Vu d’ici, je doute que vous vous en soyez aperçu, mais sachez que Blut Aus Nord, au même titre que Sunn O))) par exemple, suscite de sacrées controverses depuis quelques années dans les sphères ultra cloisonnées du metal extrême, en raison notamment d’un discours provocateur à la philosophie ostensiblement pédante et broussailleuse. Croyez-moi, l’intelligentsia du milieu se divise très nettement entre ceux qui crient au génie et ceux qui crient « branlette ». De cryogénie, il en sera d’ailleurs question (j’ai un peu honte de celle-ci, je le confesse), pour peu que vous vous aventuriez dans les territoires sauvages que défrichent tant bien que mal nos extrémistes.
A grand renfort de dissonance, de silence lourds de sous-entendus, de grincements et bruitages post-industriels en tout genre, de voix dénaturées à l’extrême, BAN crée un paysage de désolation au relief fluctuant. On pense à Godflesh et aux Swans, à Emperor, à Sunn O))) (tiens donc ?) pour ce qui est des références métalliques, mais aussi aux pionniers les plus sinistres de l’indus, Throbbing Gristle, Laibach, Einstürz ou plus tardifs Skinny Puppy, ainsi que différentes bizarreries électroniques, particulièrement l’album Ghost de Third Eye Foundation. Toutes ces références ne donnent pas lieu à un amalgame douteux comme c’est souvent le cas, mais bien à un univers pour ainsi dire vierge, à des perspectives sonores inouïes.
Rarement on aura passé heure plus inconfortable que sur ce disque à l’écoute duquel on est contraint de naviguer à vue.
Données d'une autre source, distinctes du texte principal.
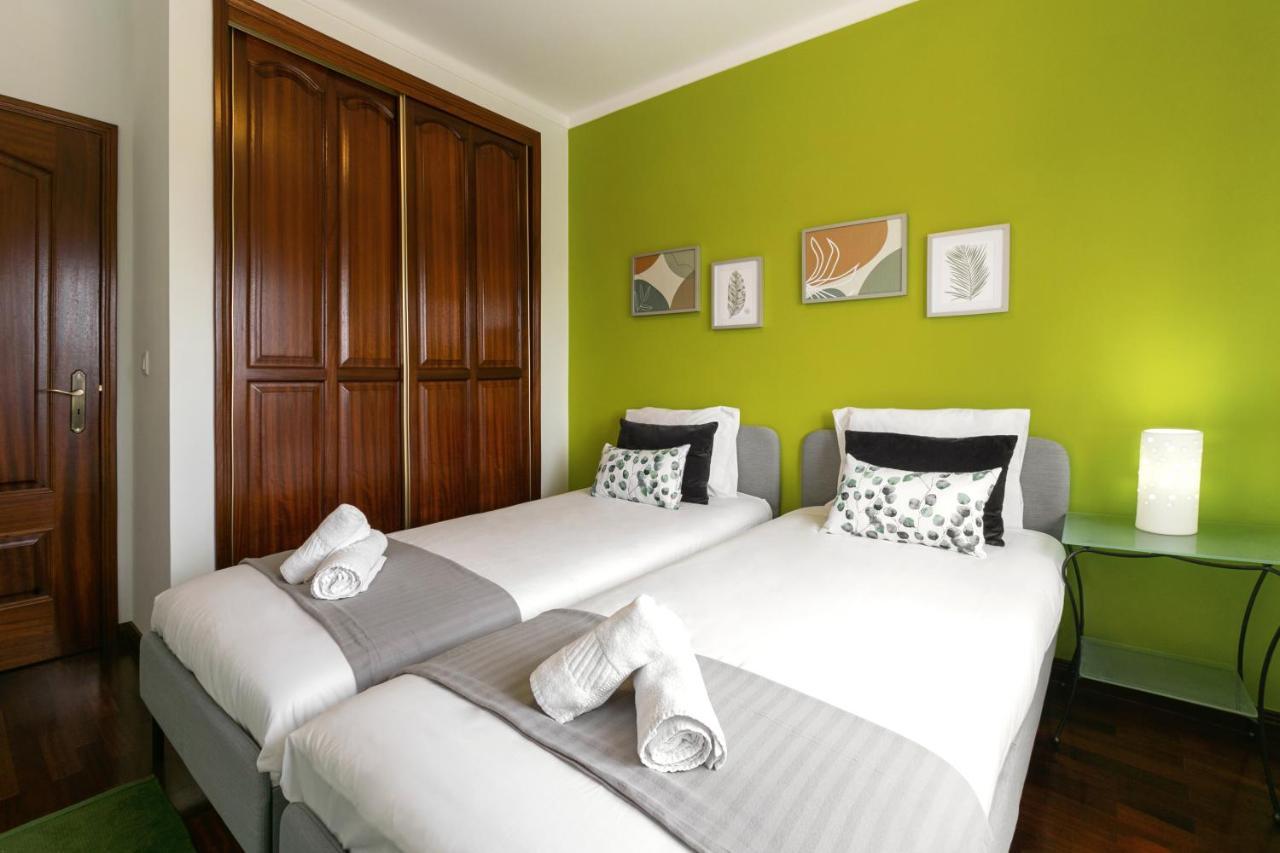Ocean Breeze Villa Atouguia Da Baleia Bagian luar foto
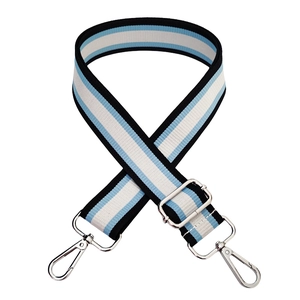 Dettaglio della tracolla larga in nylon a righe blu e nere con clip in metallo argento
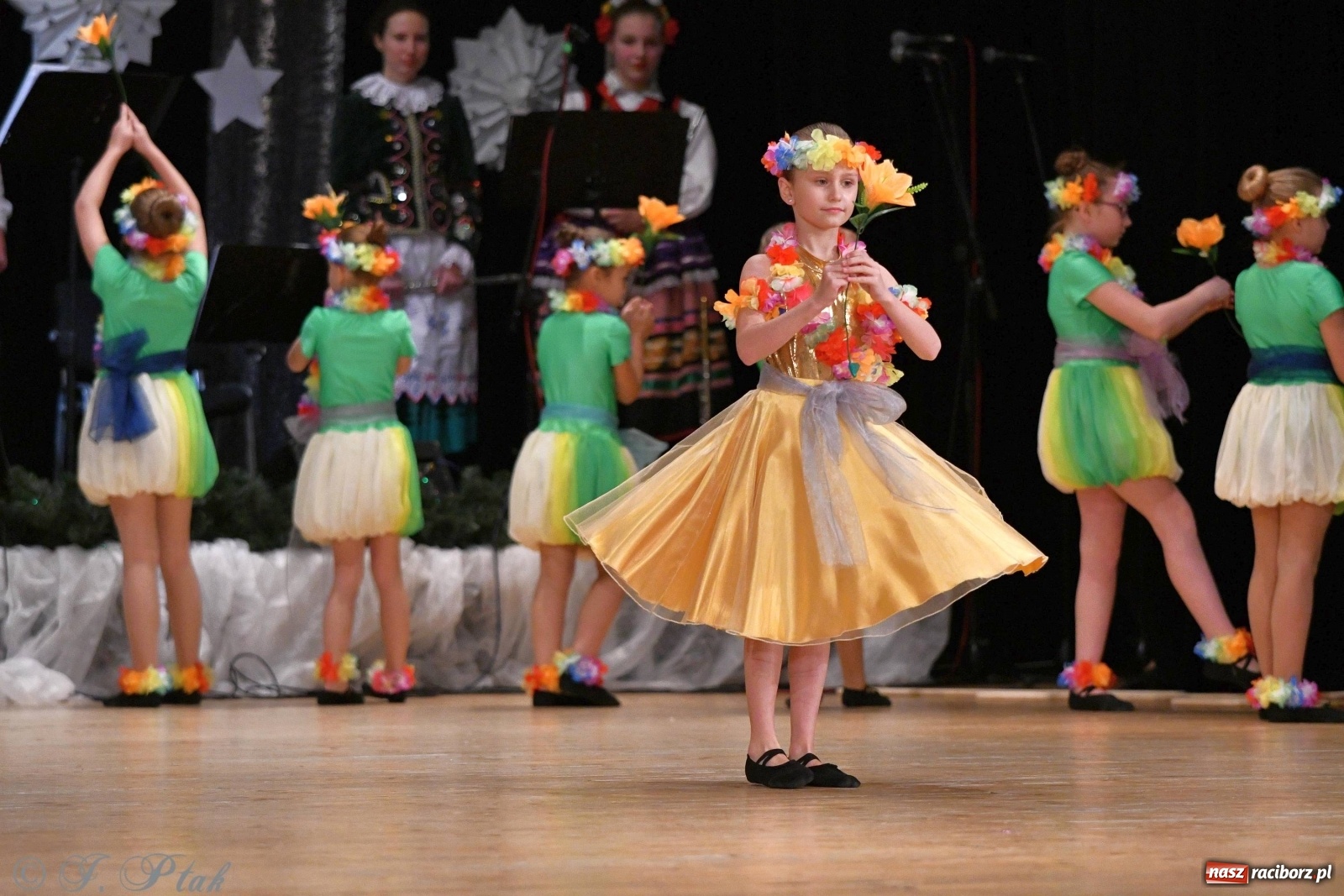 Zdjęcie w galerii na portalu naszraciborz.pl: Kolorowy koncert raciborskiego Źródła [FOTO] wiadomości z regionu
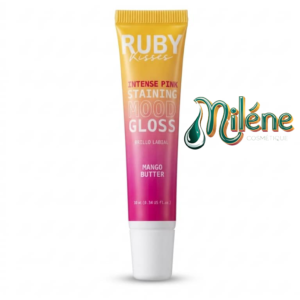 LIP STAINING MOOD GLOSS de RUBY KISSER est plus qu'un simple brillant à lèvres, c'est une expérience ! Sa formule réagit pour offrir un rose intense personnalisé qui tient toute la journée.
Le sentiment que rien ne se passe risque de prime abord d’engendrer une certaine lassitude, mais quelques écoutes rendront évident que c’est au niveau subliminal que se passent les choses, à savoir sentiment de malaise indescriptible, incapacité à catégoriser la musique qui nous parvient et de manière générale, incompréhension complète des tenants et aboutissants de la chose.
Après un EP vaguement mitigé car peu abouti, Blut Aus Nord nous offre une œuvre inexhaustible et définitive qui n’a pas fini de faire parler d’elle. Transcendant les genres, les Français délivrent un album radicalement tortueux sans se laisser aller au moindre débordement de décibels. Seulement une très grande maîtrise du son et une étrangeté terrifiante, qui risquent bien de laisser sur le carreau tant les anciens amateurs du groupe que les curieux dont vous ferez sans doute partie. Insoutenable mais essentiel.